After the re_match fix in glibc-2.2.93, i've tested syntax highlighting of UTF-8 files again (a .schemas file for example). As soon as the regex methods encounter a UTF-8 character, the highlighting is screwed up. Is there anything special that needs to be done to get this to work properly? I'll find out more when i have the time.
OK, i've written a small test app that shows my problem. It does a '"' re_match on somebody name, first in UTF-8 and then in ASCII. Now the problem seems to be that even though in UTF-8, the strings use the same number of characters on screen, strlen counts the UTF-8 string as one character longer. It seems this is the root of my syntax highlighting problems. testing utf8... blah "Gustavo Giraldez" blah asdf length = 35 match: 6 match: 24 testing ascii... blah "Gustavo Giraldez" blah asdf length = 34 match: 6 match: 23 Any ideas how to fix this?
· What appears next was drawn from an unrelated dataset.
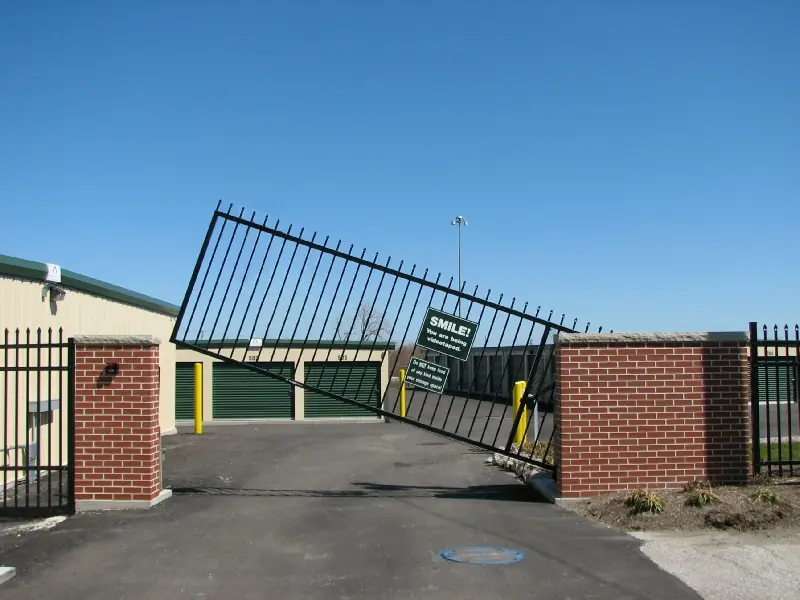 Tilted security gate with a "SMILE! You are being videotaped." sign beside storage units.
Created attachment 75484 [details] test code
Well, I don't find anything wrong with the testcase. If you want to handle UTF-8, you need to a) have current LC_CTYPE as UTF-8 locale (like setlocale(LC_CTYPE, "en_US.UTF-8") etc. - your testcase doesn't do this) - setlocale(LC_ALL, ""); works too b) at least if MB_CUR_MAX > 1, use the multibyte string routines instead of string ones, like mbrlen and other mb* routines) Regex in recent glibc handles multibyte character sets (such as UTF-8) well, e.g. if LC_CTYPE is set to some UTF-8 locale, then Gir.ldez regex will match the substring, although if LC_CTYPE was e.g. C, it would not (since in MB_CUR_MAX == 1 charsets it is 2 letters).
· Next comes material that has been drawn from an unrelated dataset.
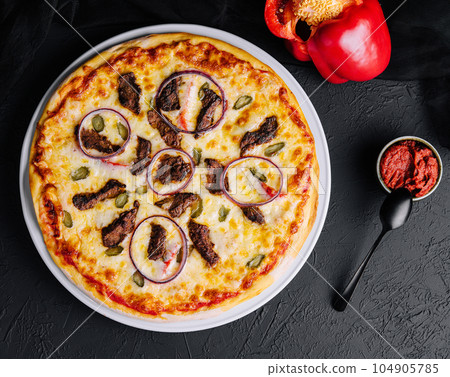 italian pizza with tomatoes, cheese, onions on black italian pizza with tomatoes, cheese, onions on black 104905785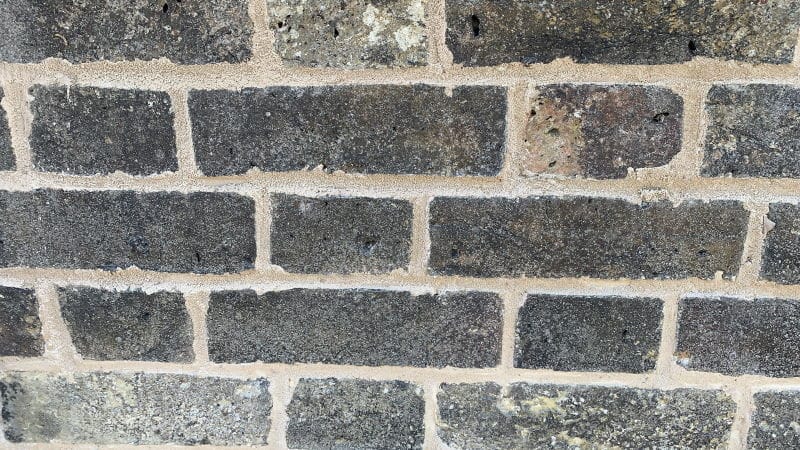 Close up of lime pointing on an oast house in Rochester, a flush finish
It's been a while since i looked at the bug in the highlighting code. I just tried setting the locale, but i don't know in which library the method setlocale is located, so ld complains about an undefined reference. Anyway, LANG is already set to en_US.UTF8 here on red hat 8.0. Shouldn't that be enough? My point is that re_search counts the UTF8 character (the 'a' in Giraldez) as 2 positions: re_search returns 24 as the position of the '"' instead of the correct 23. This is probably because the unicode character is 2 bytes. Is this the intended behavior? Shouldn't re_search count characters instead of bytes? Or is that part of the code non-UTF8?
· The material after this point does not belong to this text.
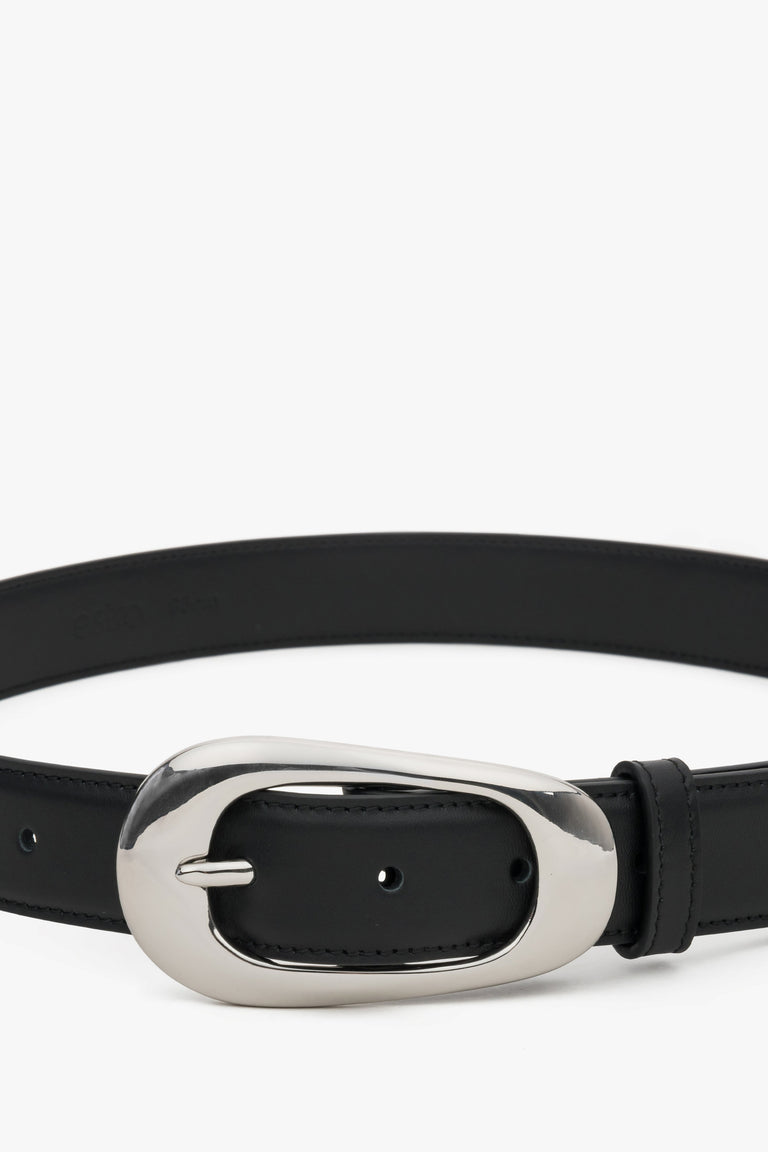 Close-up of the large oval buckle on a black leather belt.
I just committed a patch to gtksourceview that works around the bug in re_search where it returns the number of bytes matched instead of the number of characters. It uses g_utf8_strlen to check if the value returned by re_search needs adjusting. gtksourceview now highlights UTF8 text correctly. /* Work around a re_search bug where it returns the number of bytes * instead of the number of characters (unicode characters can be * more than 1 byte) it matched. See redhat bugzilla #73644. */ len = (gint)g_utf8_strlen (text, -1); pos += (pos - (gint)g_utf8_strlen (text, pos)); match->startpos = re_search (®ex->buf, text, len, pos, (forward ? len - pos : -pos), ®ex->reg); if (match->startpos > -1) { len = (gint)g_utf8_strlen (text, match->startpos); diff = match->startpos - len; match->startpos = len; match->endpos = regex->reg.end[0] - diff; }
re_search is no well-defined interface. It's some code emacs uses. If you want reliable results stick with the POSIX interfaces.